CELEBRITY TV gardener Alan Titchmarsh was guest of honour at the grand opening of Stowe Landscape Gardens’ new visitor centre last Friday.
The historic New Inn has undergone a £9 million maekover since being acquired in a state of near collapse by the National Trust in 2005.
Originally the coaching inn where 18th century visitors to Stowe would stay, and mentioned in Seeley’s Guidebook of 1769, it has now been turned into a state-of-the-art visitor centre.
Mr Titchmarsh said he has admired Stowe for years, and he featured the gardens in an episode of his series Alan’s Garden Secrets in 2010
In the programme, he explained how 18th century head gardener Charles Bridgeman removed hedges and wall to break down the formal barriers that existed from the previous century and open up the views of the surrounding area.

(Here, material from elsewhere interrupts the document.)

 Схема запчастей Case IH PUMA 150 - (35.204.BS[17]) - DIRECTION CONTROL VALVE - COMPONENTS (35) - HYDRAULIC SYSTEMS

He told the Advertiser: “Stowe is the finest example of landscape garden of the 18th century. This is the time at which there was a seismic change in garden design. All the twiddly beds and borders were swept away in favour of Arcadian desgn. It set out to be pleasing.
“It was, I think, the most exciting time in landscape history.”

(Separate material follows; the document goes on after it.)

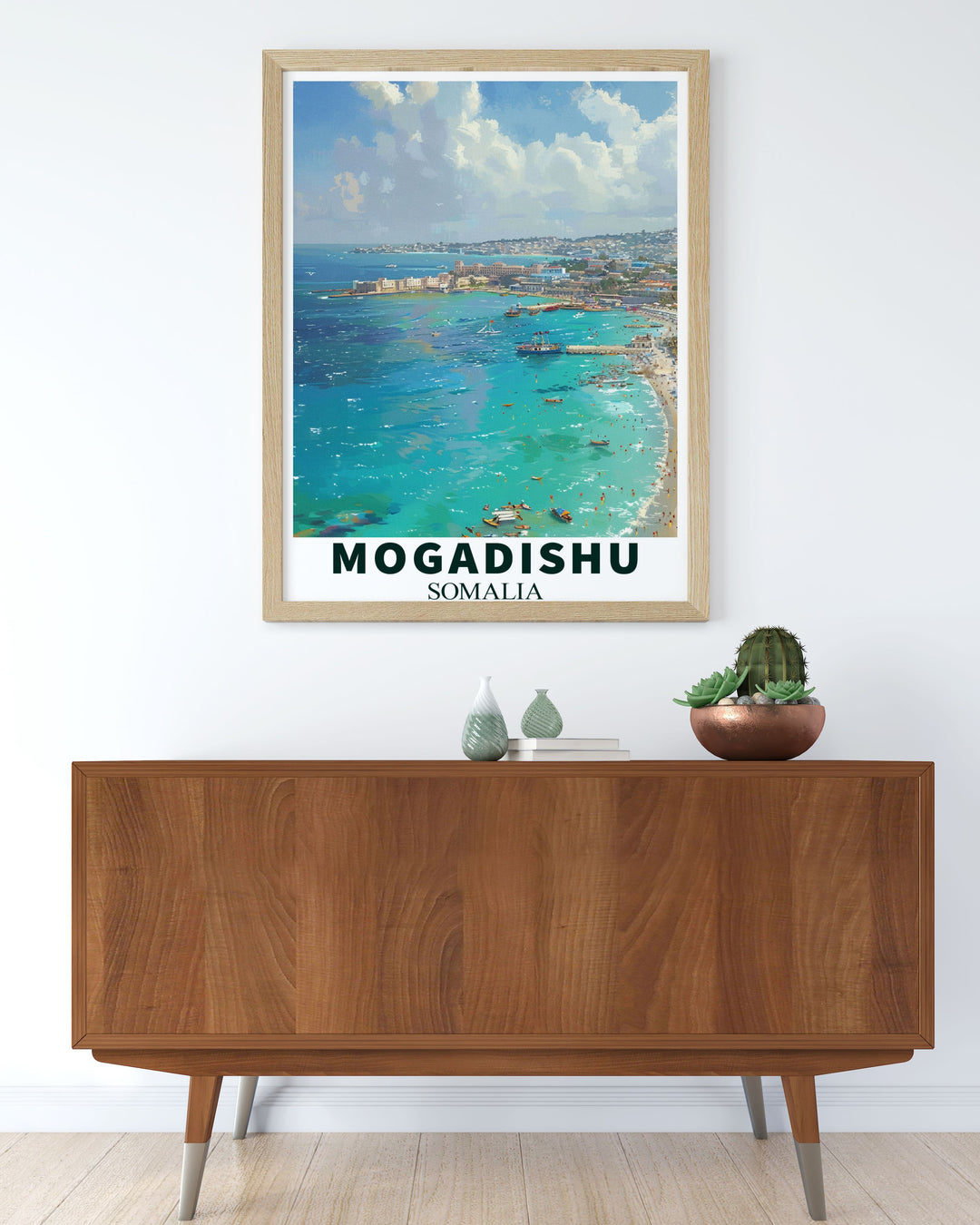 Experience the calm beauty of Somalias Lido Beach with this stunning travel poster. Its intricate details and vibrant colors offer a visual escape to Africas serene coastlines, perfect for your home décor or as a unique gift idea.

And he hailed Capability Brown’s vision as a gardener.
He said: “The trees Capability Brown planted were whips, 2ft high. He knew what they were going to look like.”
And he added: “So little emphasis today is on beauty – it’s all down to cost.

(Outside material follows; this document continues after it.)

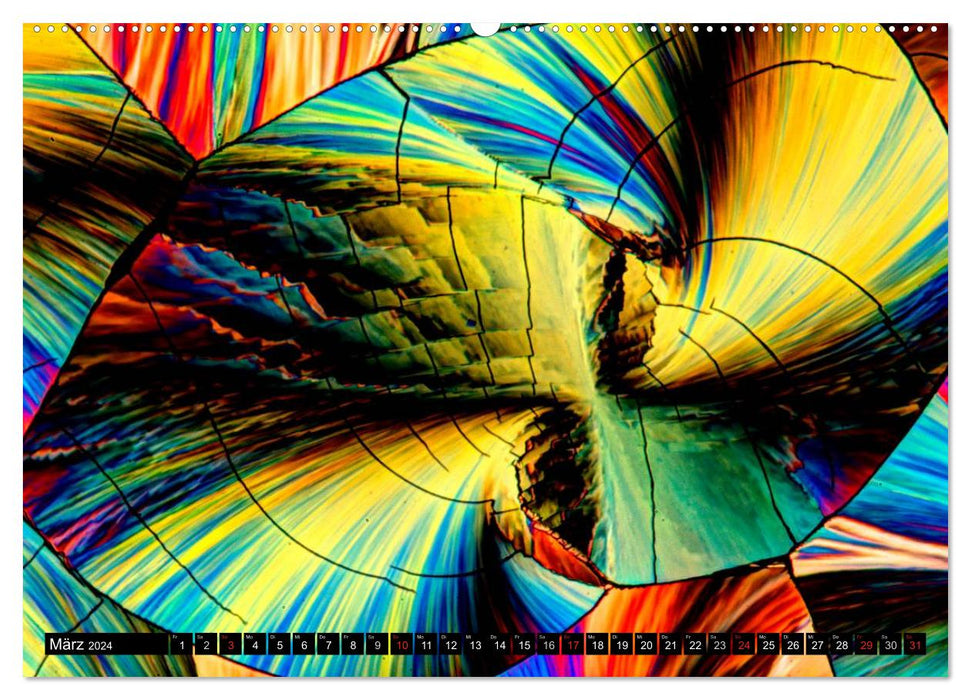 Mondes de couleurs surréalistes - microcristaux (Calendrier mural CALVENDO 2024)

“As I’ve got older, what matters to me is scale, line, proportion, perspective.
“Stowe is an object lesson for that.”
And he said the lessons we can learn from the vast landscapes at Stowe are still “totally relevant” to the smaller-scale gardener.
“If you made a model of Stowe and put it on a table, the proportion and perspective are still relevant.
“It’s vital that places like Stowe are looked after, because so much of life now is about the price of everything and the value of nothing. I think we underestimate the value of beauty to the landscape.
“I went to the Da Vinci exhibition in London and it was stuffed with every kind of person from all walks of life. All those exhibitions – Leonardo, Hockney, Freud – they’re selling out. People want beauty. It’s reality.
“There is nothing more real than this landscape. It’s lasting, it will be here tomorrow when today’s worries are gone.
“This is a larger-scale Leonardo. You can sit and look at some of the views and just gasp.
“It’s the age of classical elegance.
“It’s boastful, it may be bonkers, but it’s also staggeringly beautiful.
“English domestic gardens are the best in the world.”